*** Task inputs
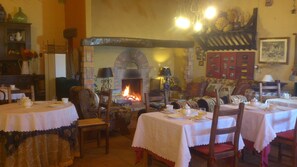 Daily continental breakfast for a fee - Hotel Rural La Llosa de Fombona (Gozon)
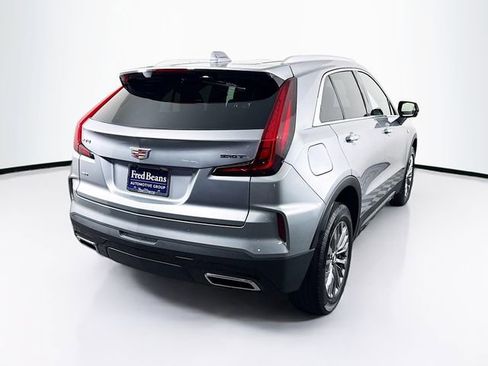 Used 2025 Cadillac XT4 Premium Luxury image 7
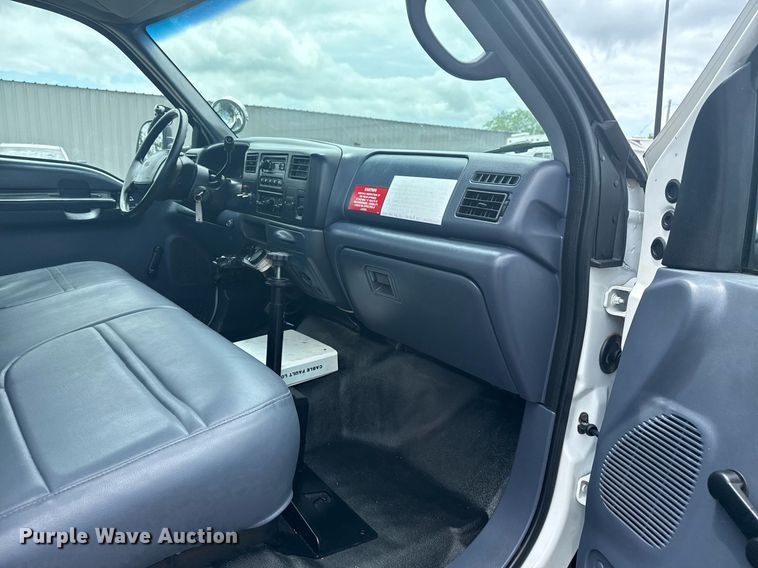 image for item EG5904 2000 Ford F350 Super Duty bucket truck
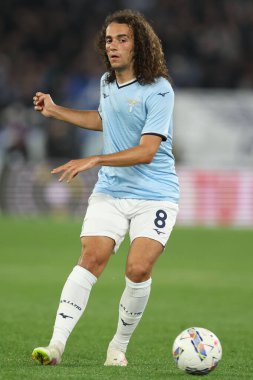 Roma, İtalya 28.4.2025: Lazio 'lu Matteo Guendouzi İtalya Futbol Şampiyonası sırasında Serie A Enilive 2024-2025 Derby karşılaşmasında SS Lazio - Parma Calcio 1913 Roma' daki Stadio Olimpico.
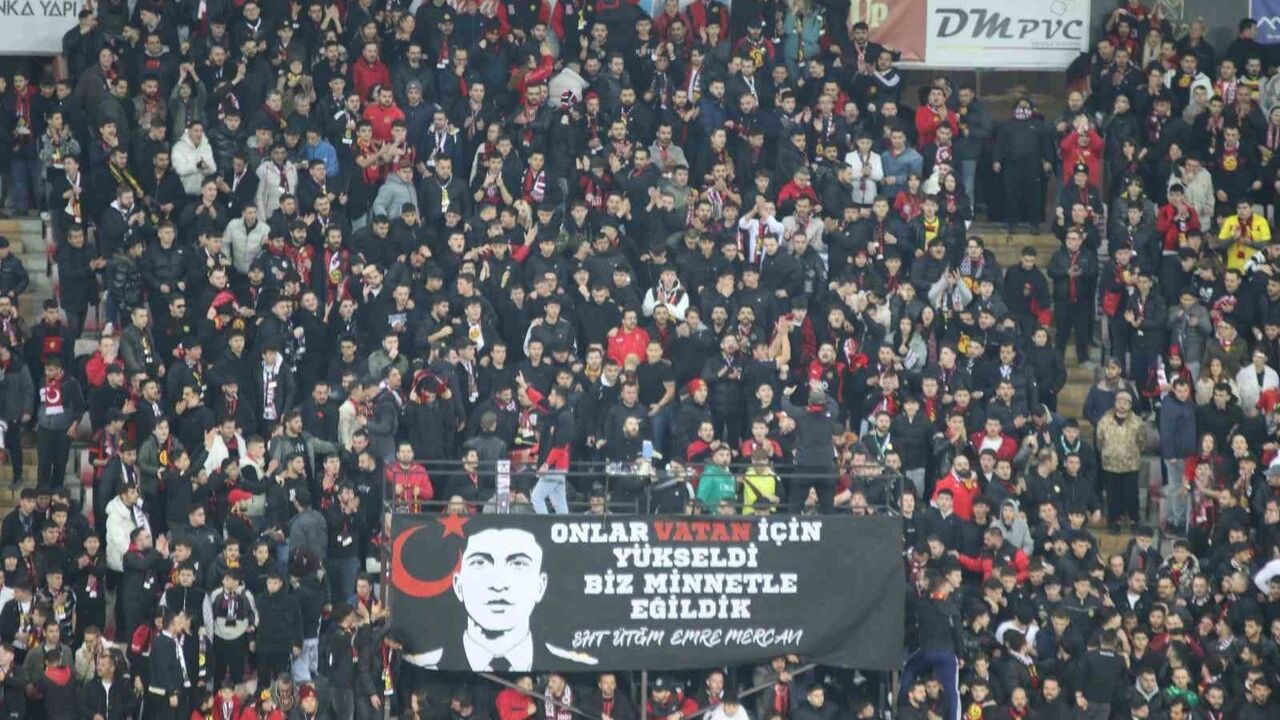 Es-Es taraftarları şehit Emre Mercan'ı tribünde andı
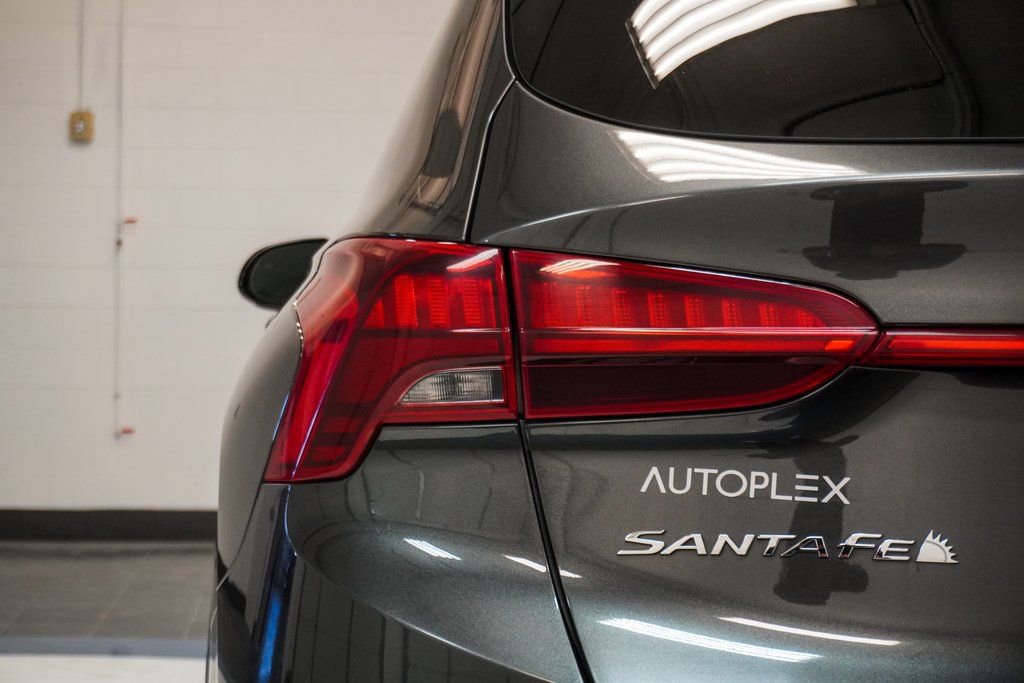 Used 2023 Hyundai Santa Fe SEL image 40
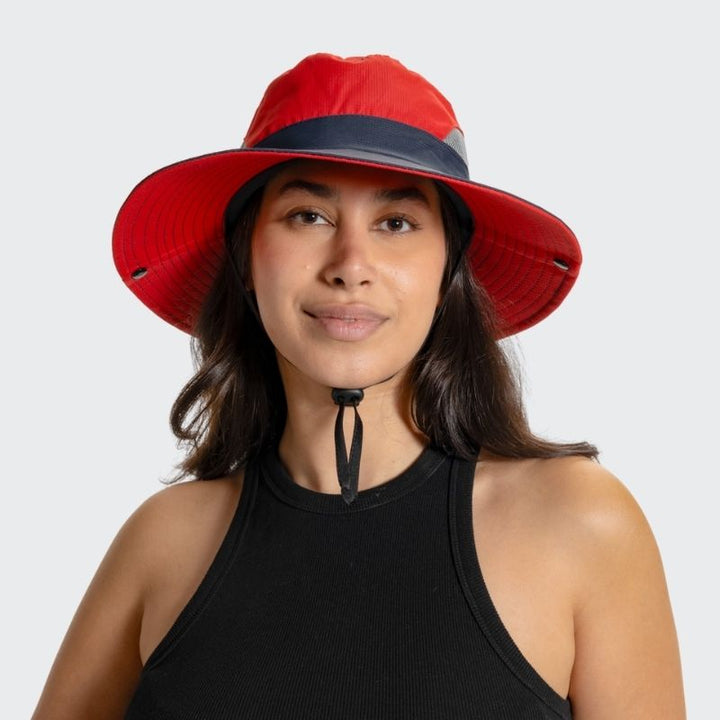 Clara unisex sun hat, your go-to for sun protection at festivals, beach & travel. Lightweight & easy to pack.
******
Task item:
The answer must be the full listing above, copied exactly, with no pictures in it.

Solution for this problem:
 Daily continental breakfast for a fee - Hotel Rural La Llosa de Fombona (Gozon)
 Used 2025 Cadillac XT4 Premium Luxury image 7
 image for item EG5904 2000 Ford F350 Super Duty bucket truck
 Roma, İtalya 28.4.2025: Lazio 'lu Matteo Guendouzi İtalya Futbol Şampiyonası sırasında Serie A Enilive 2024-2025 Derby karşılaşmasında SS Lazio - Parma Calcio 1913 Roma' daki Stadio Olimpico.
 Es-Es taraftarları şehit Emre Mercan'ı tribünde andı
 Used 2023 Hyundai Santa Fe SEL image 40
 Clara unisex sun hat, your go-to for sun protection at festivals, beach & travel. Lightweight & easy to pack.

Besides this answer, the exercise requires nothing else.